Required action:
Write out all the entries word for word and omit any pictures.

[Records from a data collection]

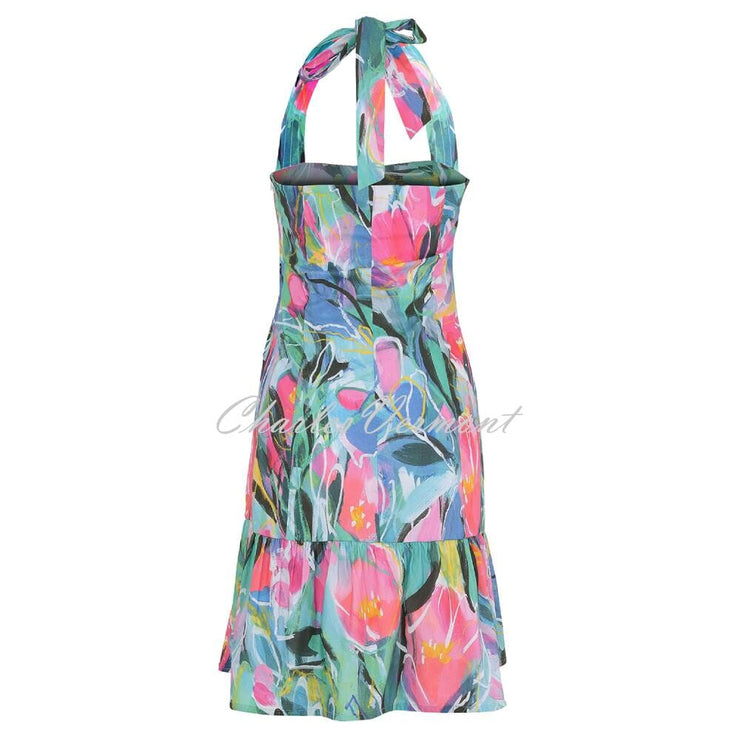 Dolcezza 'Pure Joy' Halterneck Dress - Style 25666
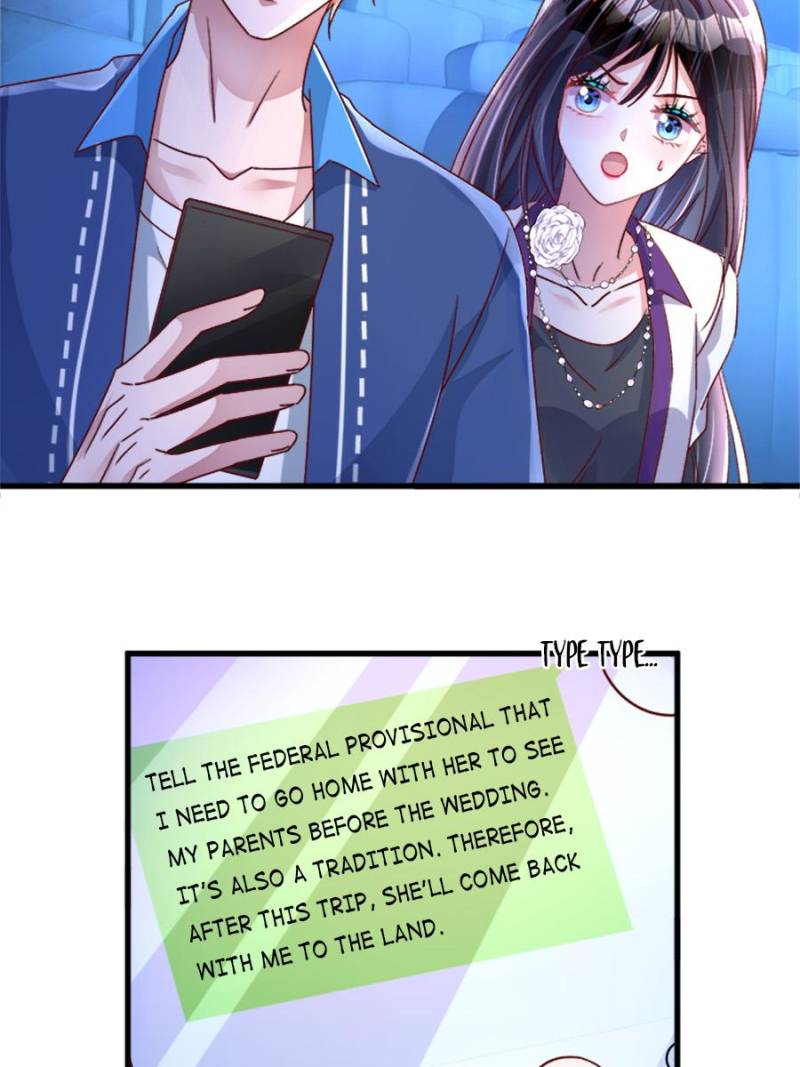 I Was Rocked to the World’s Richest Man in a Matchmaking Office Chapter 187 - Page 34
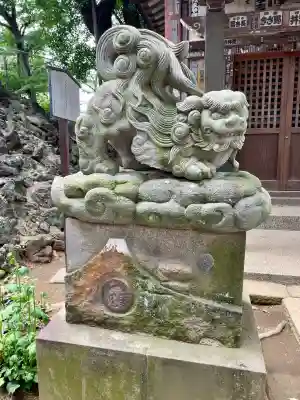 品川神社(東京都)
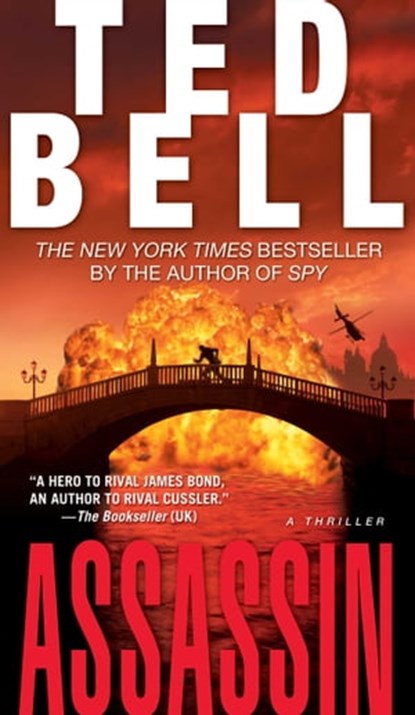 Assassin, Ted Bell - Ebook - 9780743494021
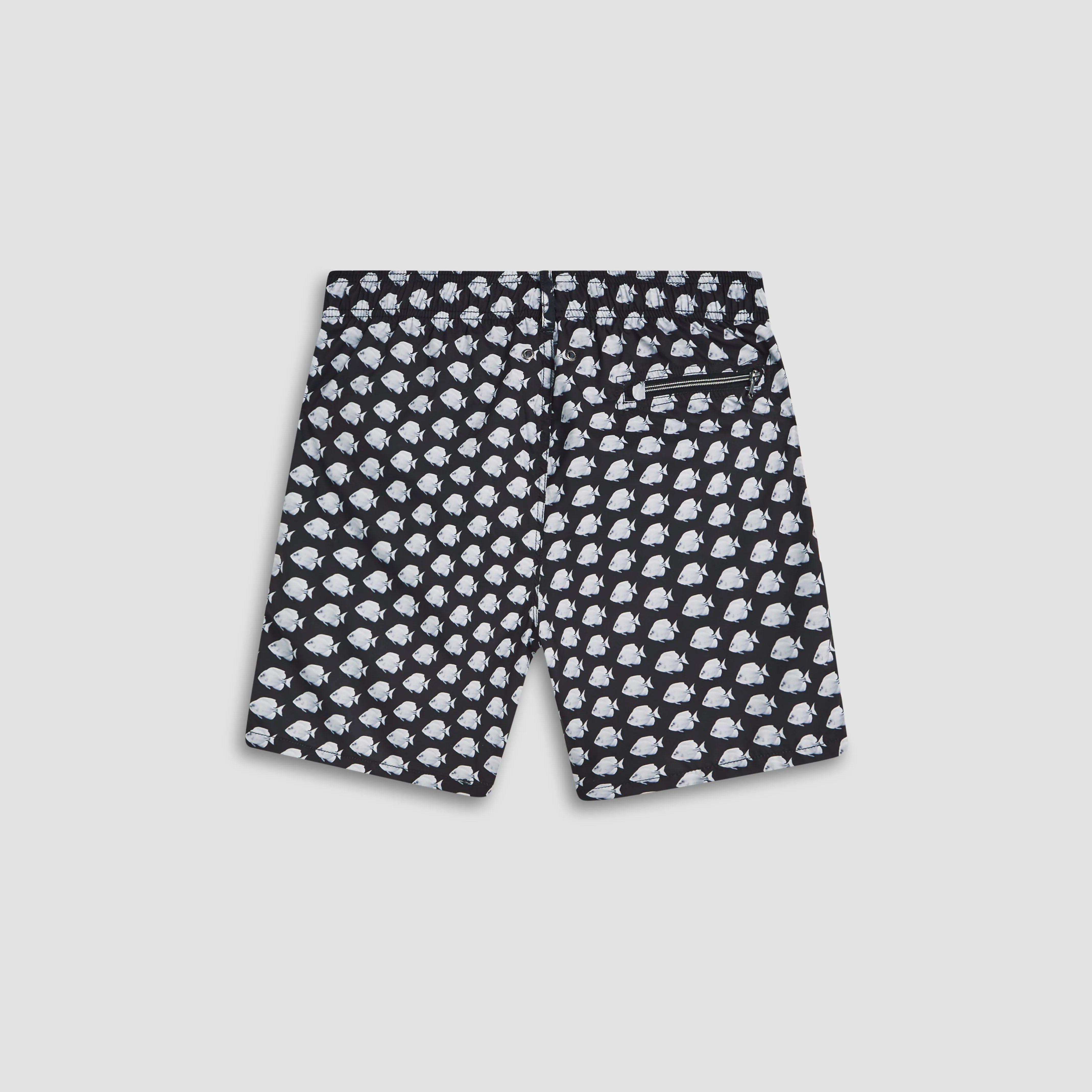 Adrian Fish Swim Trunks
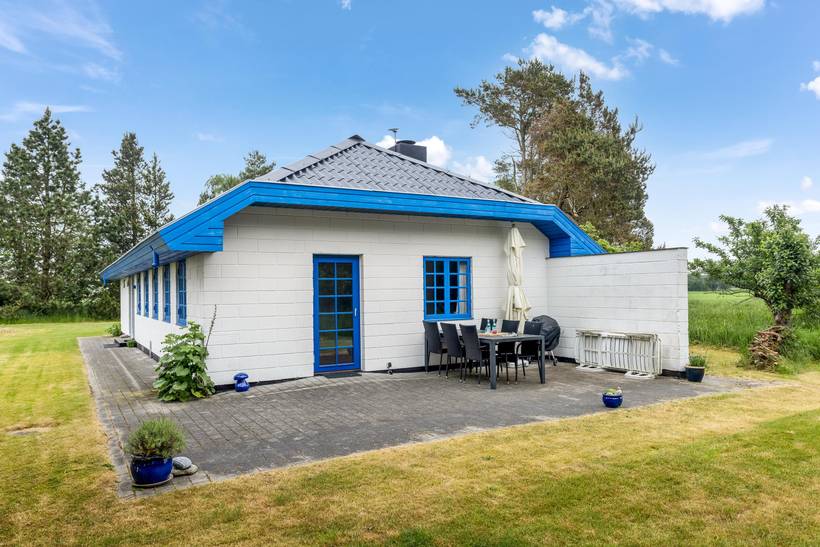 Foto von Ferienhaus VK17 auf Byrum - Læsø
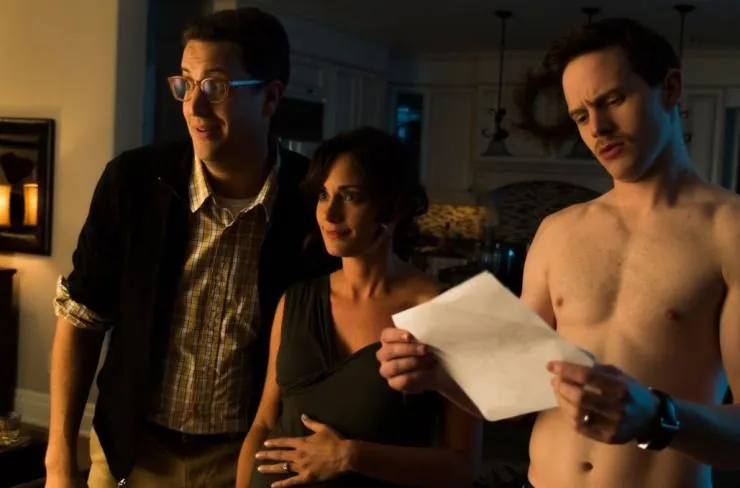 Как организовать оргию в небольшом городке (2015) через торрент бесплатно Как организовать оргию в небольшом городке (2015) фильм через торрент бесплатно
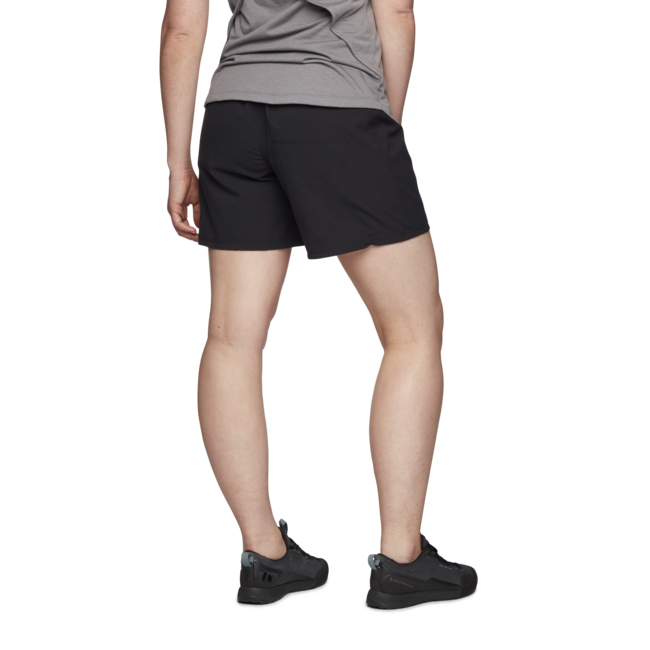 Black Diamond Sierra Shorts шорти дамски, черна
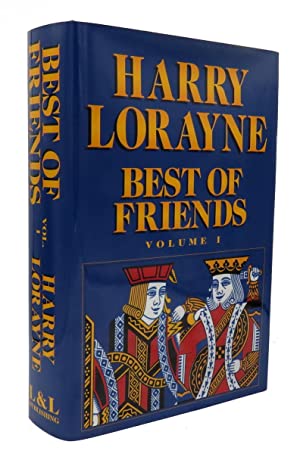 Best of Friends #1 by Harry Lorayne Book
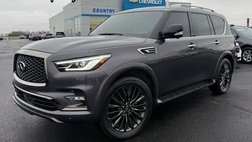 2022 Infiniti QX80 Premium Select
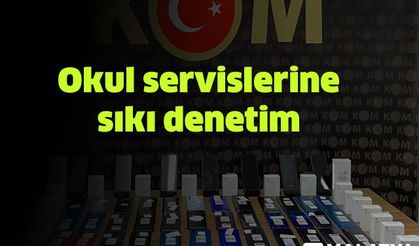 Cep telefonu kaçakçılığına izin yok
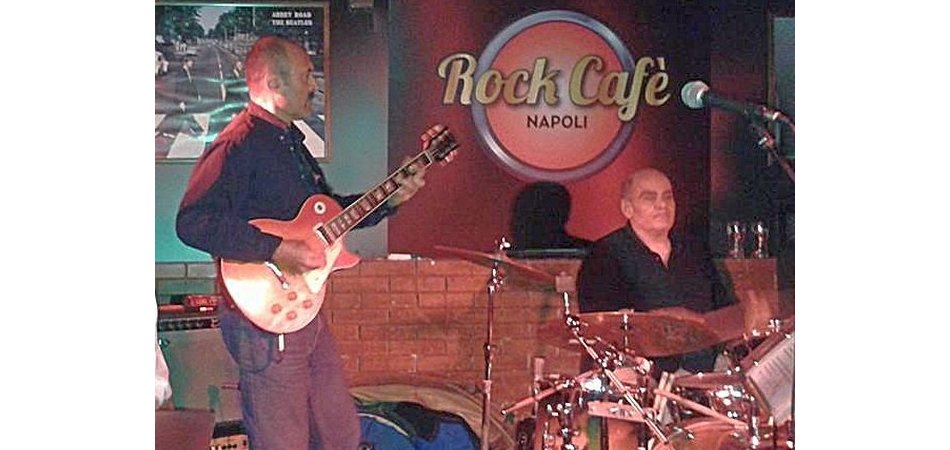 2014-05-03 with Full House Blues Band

Problem solution:
 Dolcezza 'Pure Joy' Halterneck Dress - Style 25666
 I Was Rocked to the World’s Richest Man in a Matchmaking Office Chapter 187 - Page 34
 品川神社(東京都)
 Assassin, Ted Bell - Ebook - 9780743494021
 Adrian Fish Swim Trunks
 Foto von Ferienhaus VK17 auf Byrum - Læsø
 Как организовать оргию в небольшом городке (2015) через торрент бесплатно Как организовать оргию в небольшом городке (2015) фильм через торрент бесплатно
 Black Diamond Sierra Shorts шорти дамски, черна
 Best of Friends #1 by Harry Lorayne Book
 2022 Infiniti QX80 Premium Select
 Cep telefonu kaçakçılığına izin yok
 2014-05-03 with Full House Blues Band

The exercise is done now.